* Records drawn from a dataset
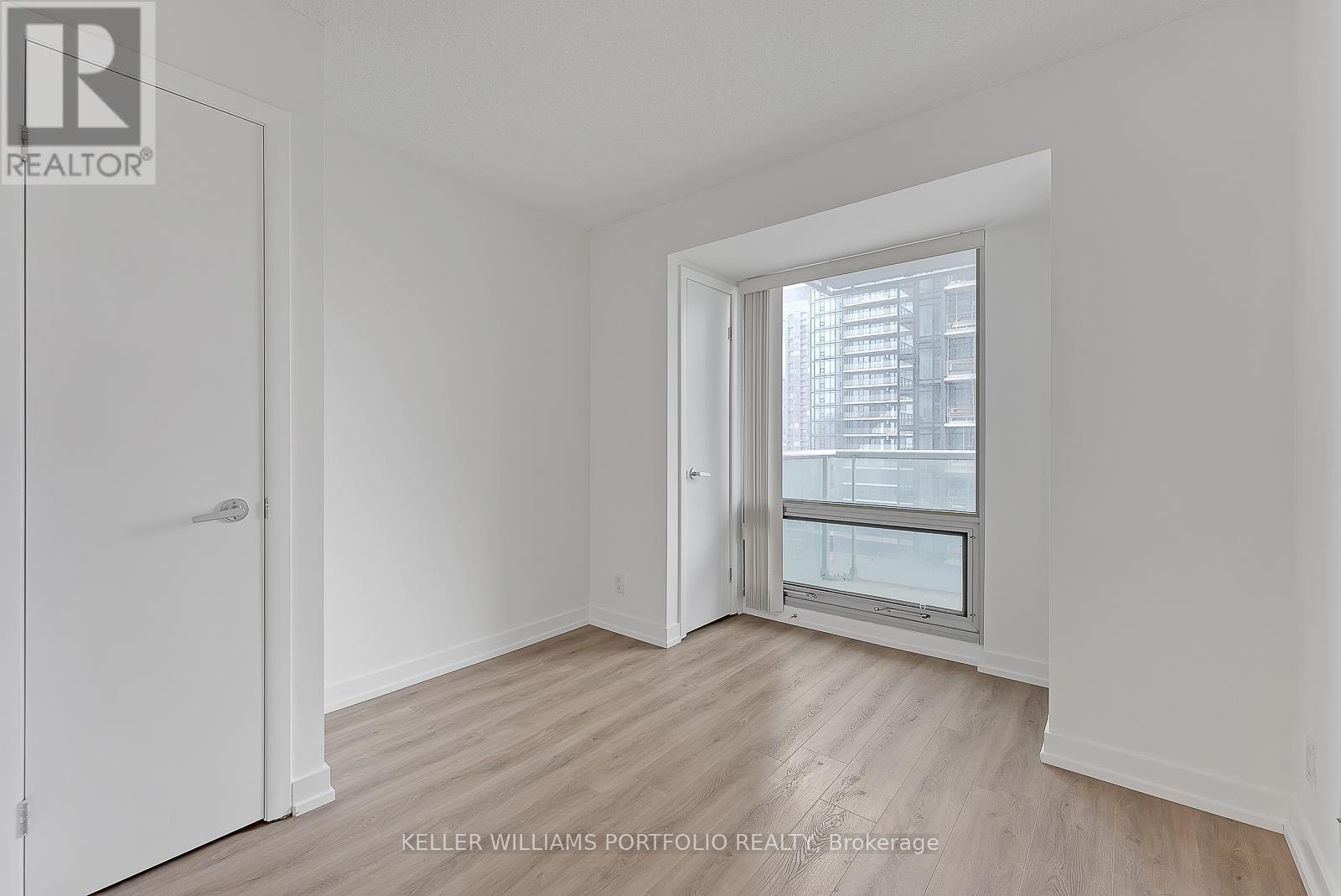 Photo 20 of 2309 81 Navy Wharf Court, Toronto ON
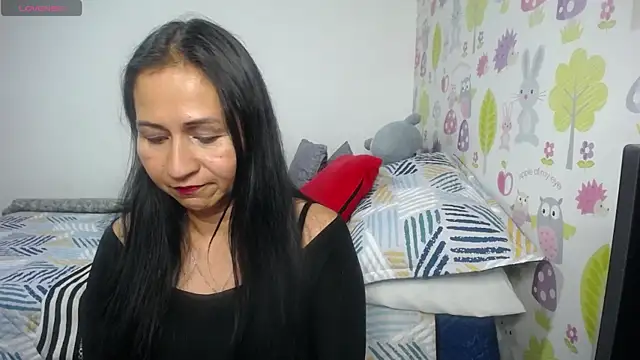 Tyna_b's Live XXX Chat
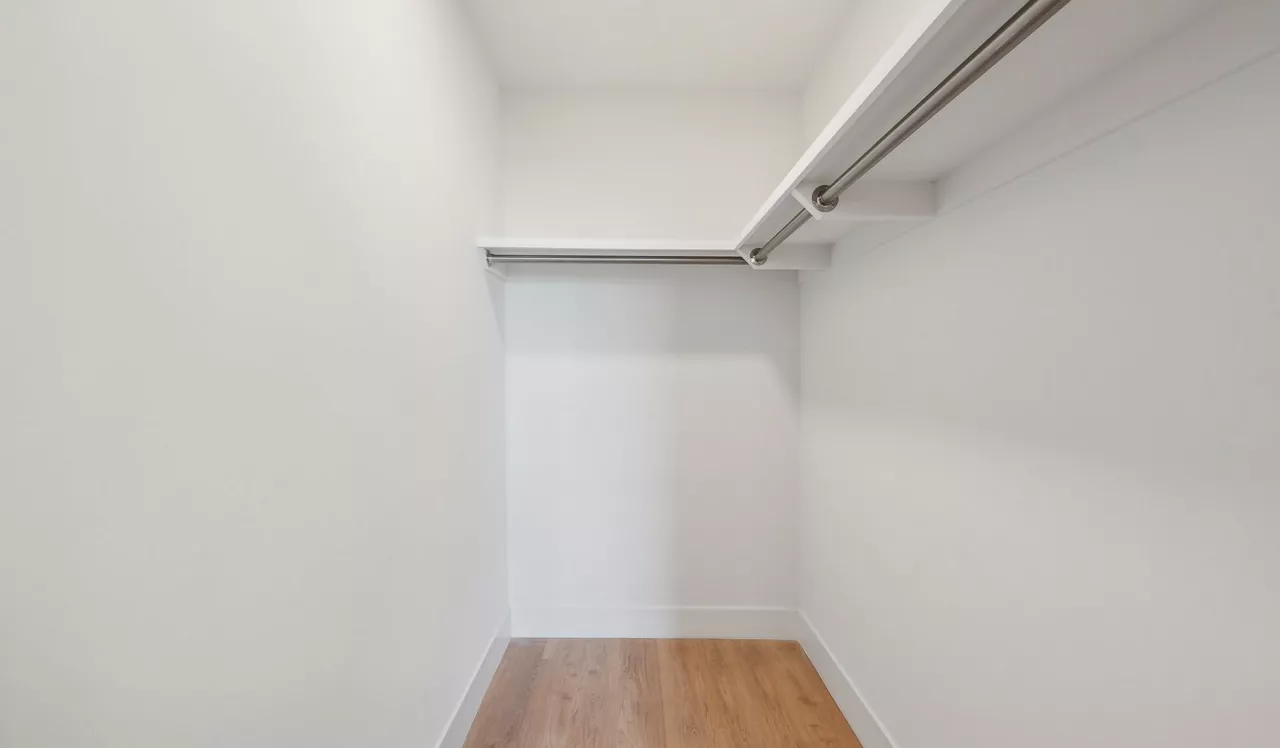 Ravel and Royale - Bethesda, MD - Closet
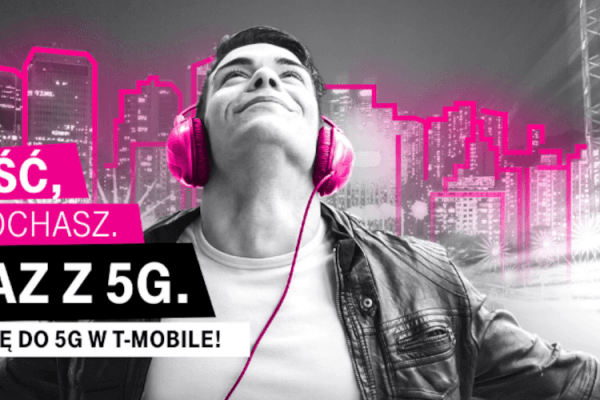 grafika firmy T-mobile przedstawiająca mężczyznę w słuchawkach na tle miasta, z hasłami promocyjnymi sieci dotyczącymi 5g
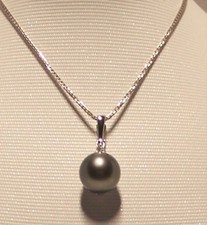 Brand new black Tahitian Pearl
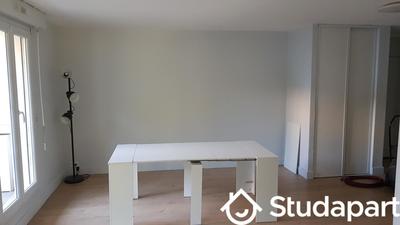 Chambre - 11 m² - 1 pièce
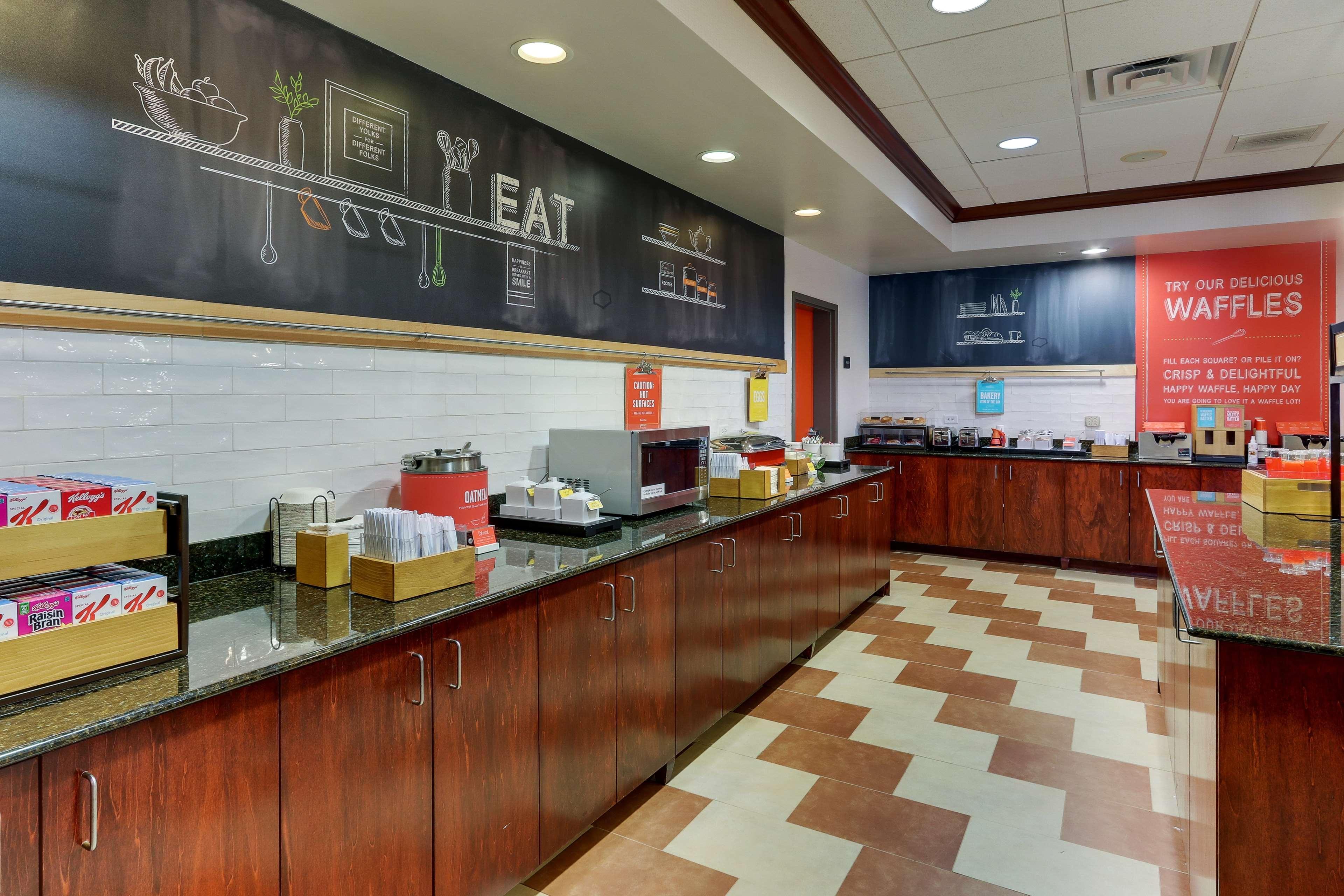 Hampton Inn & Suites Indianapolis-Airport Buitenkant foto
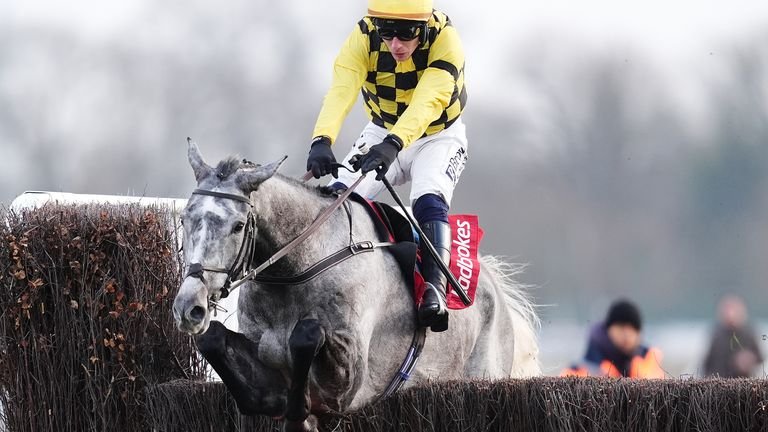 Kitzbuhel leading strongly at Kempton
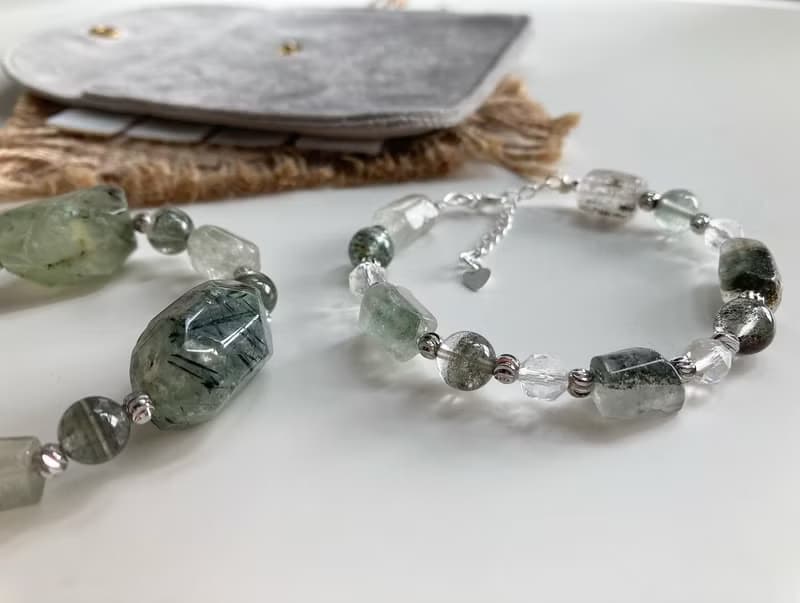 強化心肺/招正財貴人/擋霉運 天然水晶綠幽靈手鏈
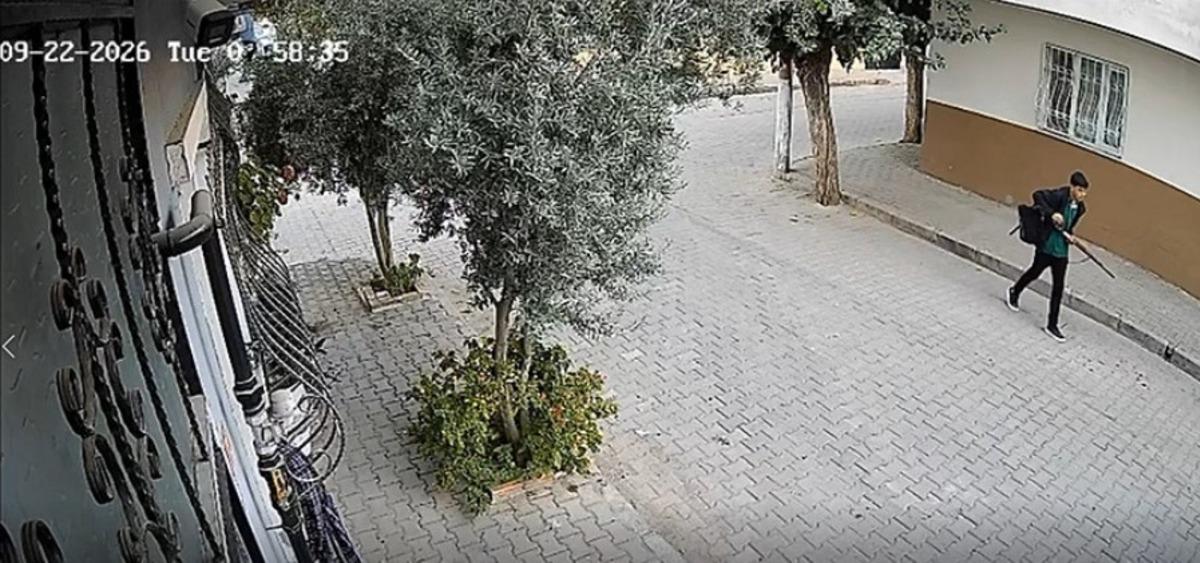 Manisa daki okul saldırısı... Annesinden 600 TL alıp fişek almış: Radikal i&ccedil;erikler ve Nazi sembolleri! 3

* TASK PROMPT
Reproduce the lines from the line with "強化心肺/招正財貴人/擋霉運 天然水晶綠幽靈手鏈" through the last line of the entries exactly, including both ends and excluding pictures.

* RESPONSE AREA
 強化心肺/招正財貴人/擋霉運 天然水晶綠幽靈手鏈
 Manisa daki okul saldırısı... Annesinden 600 TL alıp fişek almış: Radikal i&ccedil;erikler ve Nazi sembolleri! 3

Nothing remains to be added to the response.